If the download statistics don’t lie, many Quadrant readers will be among those occupying at least part of the Christmas/New Year break with binge streamings of the hit Netflix series professing to recount Queen Elizabeth’s life, times and reign. And it does, too, sort of.
Over Christmastide, the phenomenon that is Netflix’s The Crown will divert many a family – monarchist and republican alike – ten episodes of our Sovereign’s life from 1956 to 1963. In Series One (1947 – 1955), the quality of the script, the brilliance of the actors, the perfection of the period, the exquisiteness of the sets, the acuity of the cameramen, combined to produce a tour de force. The effect was to make us think we were really there as the Princesses were told that their beloved Papa had become George VI; as the dashing Duke of Edinburgh saved his Princess Bride from a rogue elephant in Kenya (untrue); as Queen Mary received her errant, eldest son with such froideur (surely true); as Philip was told his children would be Windsors (undeniable). It all seemed so authentic that we now feel we KNOW what happened behind those Palace walls.
The apparent authenticity of The Crown is so delicious. It is also so insidious. We shall never really know.

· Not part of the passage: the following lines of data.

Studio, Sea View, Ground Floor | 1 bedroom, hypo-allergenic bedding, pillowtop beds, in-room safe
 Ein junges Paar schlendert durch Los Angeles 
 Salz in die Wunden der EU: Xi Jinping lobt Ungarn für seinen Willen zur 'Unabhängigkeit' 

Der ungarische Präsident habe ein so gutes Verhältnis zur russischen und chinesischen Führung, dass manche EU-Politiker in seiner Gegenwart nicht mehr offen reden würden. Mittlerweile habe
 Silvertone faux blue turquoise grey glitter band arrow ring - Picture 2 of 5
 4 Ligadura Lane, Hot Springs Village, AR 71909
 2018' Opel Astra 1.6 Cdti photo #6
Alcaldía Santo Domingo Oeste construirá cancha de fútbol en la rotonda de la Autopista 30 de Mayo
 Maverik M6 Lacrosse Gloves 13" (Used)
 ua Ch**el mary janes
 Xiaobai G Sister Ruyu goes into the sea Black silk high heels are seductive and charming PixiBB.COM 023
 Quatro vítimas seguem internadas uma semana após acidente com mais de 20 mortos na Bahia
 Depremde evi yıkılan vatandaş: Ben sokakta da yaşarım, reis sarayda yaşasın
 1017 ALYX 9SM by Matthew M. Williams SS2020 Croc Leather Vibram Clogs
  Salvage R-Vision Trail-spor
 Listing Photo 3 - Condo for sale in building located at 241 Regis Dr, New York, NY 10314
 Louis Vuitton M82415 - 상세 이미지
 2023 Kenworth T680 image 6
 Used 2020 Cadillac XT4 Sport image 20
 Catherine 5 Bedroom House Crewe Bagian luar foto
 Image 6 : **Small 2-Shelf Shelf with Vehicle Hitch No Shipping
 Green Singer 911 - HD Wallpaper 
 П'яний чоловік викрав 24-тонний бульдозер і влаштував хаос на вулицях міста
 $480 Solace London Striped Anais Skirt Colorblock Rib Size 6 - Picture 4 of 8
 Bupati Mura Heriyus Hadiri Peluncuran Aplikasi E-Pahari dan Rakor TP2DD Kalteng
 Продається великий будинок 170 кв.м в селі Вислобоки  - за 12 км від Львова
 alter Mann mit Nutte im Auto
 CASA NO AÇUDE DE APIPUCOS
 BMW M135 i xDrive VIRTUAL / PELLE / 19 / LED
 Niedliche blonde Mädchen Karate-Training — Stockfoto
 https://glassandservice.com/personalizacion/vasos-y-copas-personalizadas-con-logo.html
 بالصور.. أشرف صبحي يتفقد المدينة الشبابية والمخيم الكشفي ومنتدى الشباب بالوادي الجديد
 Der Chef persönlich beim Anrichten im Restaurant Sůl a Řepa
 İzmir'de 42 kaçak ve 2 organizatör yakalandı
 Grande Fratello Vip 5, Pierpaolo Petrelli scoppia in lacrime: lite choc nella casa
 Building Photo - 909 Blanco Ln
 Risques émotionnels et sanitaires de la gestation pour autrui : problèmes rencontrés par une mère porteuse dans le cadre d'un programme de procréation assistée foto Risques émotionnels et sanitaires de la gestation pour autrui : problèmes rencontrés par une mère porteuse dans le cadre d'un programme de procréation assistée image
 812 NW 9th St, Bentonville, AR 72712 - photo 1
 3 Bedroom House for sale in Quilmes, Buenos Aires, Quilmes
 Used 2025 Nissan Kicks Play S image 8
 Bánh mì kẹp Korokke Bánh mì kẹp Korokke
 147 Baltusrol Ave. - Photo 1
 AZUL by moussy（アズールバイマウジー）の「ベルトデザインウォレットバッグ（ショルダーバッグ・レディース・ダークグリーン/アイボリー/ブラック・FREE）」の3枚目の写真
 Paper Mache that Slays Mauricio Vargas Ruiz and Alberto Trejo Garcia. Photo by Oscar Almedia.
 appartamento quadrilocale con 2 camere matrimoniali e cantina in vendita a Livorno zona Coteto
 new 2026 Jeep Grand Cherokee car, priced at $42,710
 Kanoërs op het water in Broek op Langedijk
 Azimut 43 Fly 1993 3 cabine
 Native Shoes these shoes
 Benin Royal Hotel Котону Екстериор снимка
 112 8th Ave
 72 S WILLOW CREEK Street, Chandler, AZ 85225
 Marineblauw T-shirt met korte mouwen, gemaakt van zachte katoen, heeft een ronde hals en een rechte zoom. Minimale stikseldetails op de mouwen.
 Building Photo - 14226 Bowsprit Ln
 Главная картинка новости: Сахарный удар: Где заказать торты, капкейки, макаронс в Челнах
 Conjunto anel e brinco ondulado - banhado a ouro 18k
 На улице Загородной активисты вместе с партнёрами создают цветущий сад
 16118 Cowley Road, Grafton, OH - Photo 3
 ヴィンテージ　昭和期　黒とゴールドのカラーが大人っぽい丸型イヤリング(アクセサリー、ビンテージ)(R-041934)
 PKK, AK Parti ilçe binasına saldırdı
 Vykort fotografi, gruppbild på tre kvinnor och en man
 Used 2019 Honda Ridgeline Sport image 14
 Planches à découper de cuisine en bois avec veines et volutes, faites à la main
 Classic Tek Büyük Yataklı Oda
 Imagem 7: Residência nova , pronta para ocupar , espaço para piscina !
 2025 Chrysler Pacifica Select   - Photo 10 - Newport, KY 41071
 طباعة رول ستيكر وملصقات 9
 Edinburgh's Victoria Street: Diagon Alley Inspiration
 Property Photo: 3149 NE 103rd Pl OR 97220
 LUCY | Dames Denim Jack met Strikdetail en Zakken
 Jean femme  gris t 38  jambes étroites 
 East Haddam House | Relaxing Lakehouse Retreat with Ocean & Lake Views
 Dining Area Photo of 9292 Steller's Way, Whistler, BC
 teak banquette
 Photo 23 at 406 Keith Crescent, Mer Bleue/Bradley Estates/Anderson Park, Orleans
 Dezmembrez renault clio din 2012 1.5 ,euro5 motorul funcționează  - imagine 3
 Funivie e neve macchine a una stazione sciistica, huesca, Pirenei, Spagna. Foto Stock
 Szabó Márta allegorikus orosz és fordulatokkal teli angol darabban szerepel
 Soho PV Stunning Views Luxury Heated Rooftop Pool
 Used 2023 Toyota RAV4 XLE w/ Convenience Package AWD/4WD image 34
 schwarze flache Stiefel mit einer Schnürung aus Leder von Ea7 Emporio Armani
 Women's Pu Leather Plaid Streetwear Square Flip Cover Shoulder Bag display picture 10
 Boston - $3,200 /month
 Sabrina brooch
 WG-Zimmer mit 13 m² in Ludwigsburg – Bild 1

We have to remember this is in fact a magnificent imperial soap. In his review of the series, The Crown: Truth & Fiction (Zuleika, 50pp), the historian Hugo Vickers, while welcoming its great job in reminding a younger generation that the Queen and Prince Philip were once young themselves, he warns that ‘Fiction should help us understand the truth, not pervert it.’ As Peter Morgan, creator of the series, told The Australian, ‘I’ve done my best to stick to the facts as I have them. I think there’s room to creatively imagine, based on information we have about Her (The Queen).’ Tellingly, he went on to say, when asked if The Queen had seen Series One, ‘I have no idea and I don’t want to know…. I live in hope that she hasn’t seen it, never watches it and doesn’t give it the slightest thought.’
I was interested to learn in The Times obit of Lady Charteris, (the widow of Martin Charteris, Private Secretary to Elizabeth as Princess and Queen), who died, aged 97, in March this year, ‘She was fascinated by Series One of The Crown on Netflix, in which she was portrayed by Jo Herbert, with the actor Harry Hadden-Paton playing her husband. She liked to watch it with the Duchess of Grafton — the mistress of the robes and an old friend.’ To have been there, a fly on the wall as they watched, to see them laugh and scoff; nod and sigh.